The Silence of the North

I find myself being still.

At first I was jittery. When I was not in the lounges on the ship, being social, when I was in my room, I would shuffle through the papers on my desk. Should I write in my trip journal? No, that was all caught up. Could I play a game of Candy Crush? No, I’d used up my lives, and there was no restocking without the Internet.

I suppose it was withdrawal that was affecting me! When we were caught in Iqaluit an extra day, waiting for an icebreaker, I texted and posted frantically, knowing that I would soon lose cell coverage.

Contemplate that, you who are reading this blog on your phone or computer. No internet.

No checking messages or emails. No almost instantaneous answer to whatever question pops up. No streaming music or videos, no informational rabbit holes to fall into.

Icebreaker Terry Fox clearing our path in Frobisher Bay

The first time we traveled through ice, I ran back and forth on the deck. Can I get a good shot of the icebreaker in front of us, through the fog? Should I do a video of the ice going by? Is it better from the other side? From a different deck?

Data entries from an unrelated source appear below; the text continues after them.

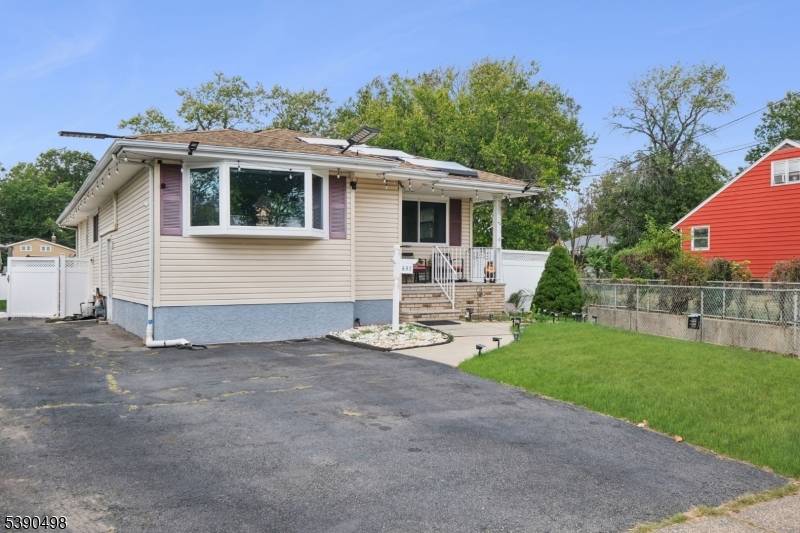 Welcome to this beautifully updated expanded ranch that perfectly blends comfort, elegance, and modern efficiency.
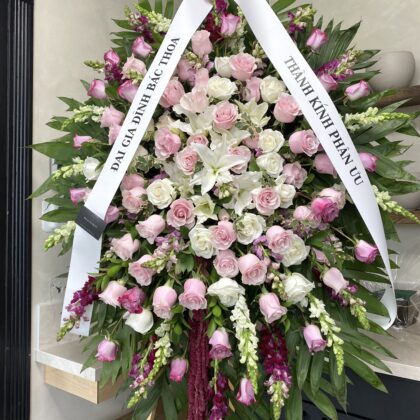Peaceful Dove Meaningful Funeral Spray Arrangement with pink and white roses, lilies, and snapdragons on a wooden stand.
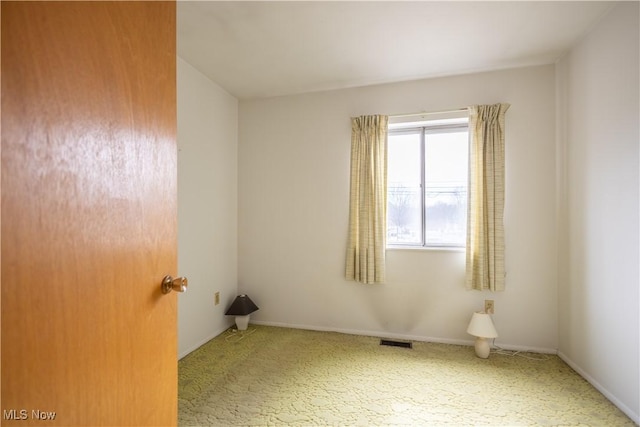 unfurnished room featuring carpet, visible vents, and baseboards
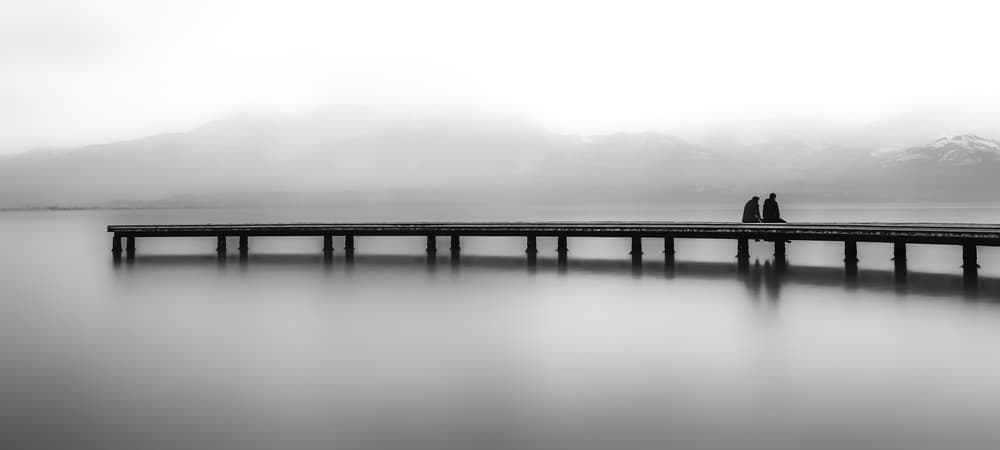 Serene Pier Reflection by Ummu Nisan Kandilcioglu — canvas wall art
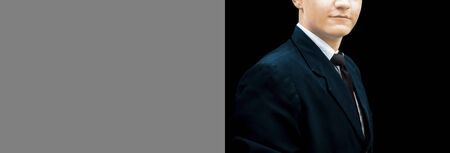 Portrait shot of a confident energetic calm young businessman wearing a blue suit and posing a black background. Shot of businessman with a lot of copy space for advertisement.の写真素材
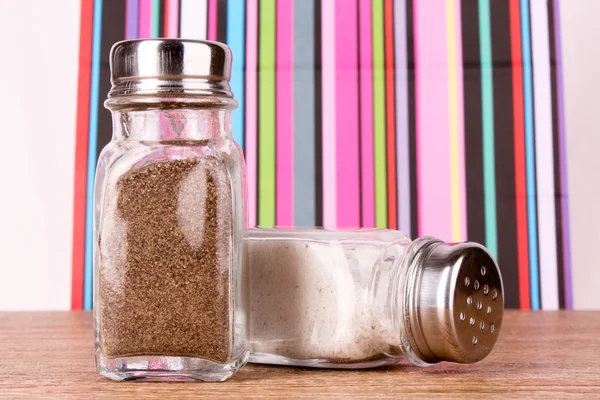 Salt och peppar shaker på färgad bakgrund — Stockfoto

Now, I simply stand and look. And listen. It is not loud, but I can hear the multi-tonal song of the ice.

Iceberg in Hudson Strait

The landscape calms me. It is not simple: complex layers of rock, smooth and glacier scoured; tiny Arctic flowers tucked into hollows; linear boundaries of land and sky, land and water. It is not simple, but it is not busy.

The sky surrounds. It is not held up by mountains here, it lays as a soft blanket over the land and sea. The clouds do not pile up, constrained by mountains and conflicting air currents. They drift, like the ice in the water.

Hiking near Kimmirut

My gaze drifts. It will focus, checking, is there an animal there on the rock, on the ice? What is that bird? But my gaze does not dart.

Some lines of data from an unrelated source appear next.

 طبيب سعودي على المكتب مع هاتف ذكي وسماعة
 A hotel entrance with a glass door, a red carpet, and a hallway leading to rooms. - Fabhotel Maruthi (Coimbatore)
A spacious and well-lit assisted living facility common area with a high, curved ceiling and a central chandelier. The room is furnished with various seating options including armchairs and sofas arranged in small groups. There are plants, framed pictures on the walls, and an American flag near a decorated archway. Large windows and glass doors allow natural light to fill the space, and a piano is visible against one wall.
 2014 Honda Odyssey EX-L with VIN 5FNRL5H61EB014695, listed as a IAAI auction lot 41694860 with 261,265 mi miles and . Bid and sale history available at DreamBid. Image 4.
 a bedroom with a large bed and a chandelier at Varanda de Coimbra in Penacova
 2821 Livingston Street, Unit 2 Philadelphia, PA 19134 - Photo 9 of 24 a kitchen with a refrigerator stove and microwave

My thoughts drift. They will focus, thinking, is there an insight there in the introspection, in the wandering though memories? But my thoughts do not dart.

This is the stillness that meditation brings, but it is grounded in the land, not in my mind. It lives in my vision, not my breath.

Two years ago, after a week long silent meditation retreat, I held this same stillness inside of me. Gradually it retreated to the quiet corners of my mind, became elusive, harder to find, often forgotten.

I hope the silence of the North stays with me, when I return to the south.